Our focus is on the Southeast right now: Virginia, Tennessee, Alabama, northern Florida. If you add the Carolinas and Georgia, Alabama and that whole area, that's enough room to put 1,000 Bojangles' and not even bat an eye. If we can grow at 50 stores a year over the next five years, that will change the whole dynamics of the brand. Then you can start looking beyond that.

Q. So how do you introduce your food to people who aren't as familiar with it?

Fried chicken is nationwide. The sweet tea piece, maybe not.

Some of our competitors – the big guy, you know, the Golden Arch people – they sell biscuits just about everywhere they are now. They saw the success here, and they didn't have biscuits until people like Hardee's and Bojangles' did it.

Our job is to help (all franchisees), but more so, it's to focus all of our growth in the Southeast.

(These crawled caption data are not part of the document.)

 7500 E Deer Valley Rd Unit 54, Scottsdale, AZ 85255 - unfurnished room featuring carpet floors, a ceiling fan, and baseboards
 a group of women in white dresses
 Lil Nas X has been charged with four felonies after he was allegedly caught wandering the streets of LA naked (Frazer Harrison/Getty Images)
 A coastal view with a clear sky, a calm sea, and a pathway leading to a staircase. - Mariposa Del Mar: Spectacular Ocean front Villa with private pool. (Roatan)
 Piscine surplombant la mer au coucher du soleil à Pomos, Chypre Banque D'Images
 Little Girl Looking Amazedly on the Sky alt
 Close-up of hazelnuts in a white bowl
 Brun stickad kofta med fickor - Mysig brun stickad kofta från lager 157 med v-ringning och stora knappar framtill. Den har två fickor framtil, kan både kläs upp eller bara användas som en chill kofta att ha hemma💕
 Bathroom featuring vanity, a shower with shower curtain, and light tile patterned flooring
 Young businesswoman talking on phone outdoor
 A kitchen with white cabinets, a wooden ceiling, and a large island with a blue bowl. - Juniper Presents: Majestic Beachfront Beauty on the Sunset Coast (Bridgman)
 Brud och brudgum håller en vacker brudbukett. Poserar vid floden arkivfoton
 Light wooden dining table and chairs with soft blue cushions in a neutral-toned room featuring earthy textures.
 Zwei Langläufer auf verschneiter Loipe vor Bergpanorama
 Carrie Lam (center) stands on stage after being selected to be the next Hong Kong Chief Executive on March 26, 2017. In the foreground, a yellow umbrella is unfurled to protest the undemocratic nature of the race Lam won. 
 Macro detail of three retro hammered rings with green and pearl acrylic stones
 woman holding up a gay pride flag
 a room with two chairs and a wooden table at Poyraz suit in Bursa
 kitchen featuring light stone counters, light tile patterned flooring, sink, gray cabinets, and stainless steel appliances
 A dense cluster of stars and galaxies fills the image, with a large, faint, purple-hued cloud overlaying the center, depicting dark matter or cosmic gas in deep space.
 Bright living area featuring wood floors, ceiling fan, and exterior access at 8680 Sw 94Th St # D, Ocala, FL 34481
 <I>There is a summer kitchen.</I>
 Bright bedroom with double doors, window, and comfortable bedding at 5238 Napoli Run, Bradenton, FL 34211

If we do that, we have plenty of room to grow, and we know those customers are our customers. We don't have to worry about teaching them anything. We just have to make (stores) available, and they'll come.

Q. Where do things go from here?

We think that the average consumer wants a (fast-food) concept or individual restaurant they can count on and trust and be confident in. We're not an industry with a history of great consistency.

(McDonald's) created their company on consistency, not great food. It's dependable.

We want to be something beyond that. We want to be dependable and consistent so you have confidence in us, but with great flavor and taste.

Q. What do you hear from customers?

I read an article the other day that was on the Internet and got sent to one of us. …It was by a lady that had never been to a Bojangles' before. She had, like, a three-hour layover (in the Charlotte airport).

It was 5:30 or 6 in the morning, and she said she saw this place called Bojangles'. She didn't know what it was, but she said, “It smells good.” So she just got a biscuit with egg and cheese.

Her written description of it, we could have used in a commercial. She said, “I had to go back and get another one.” Then she said, “I was fortunate that on my return trip I had a layover in the same area, and I was looking forward to going to Bojangles'.”

Those are the kind of things that really make you feel good about the all the effort that goes into making things happen.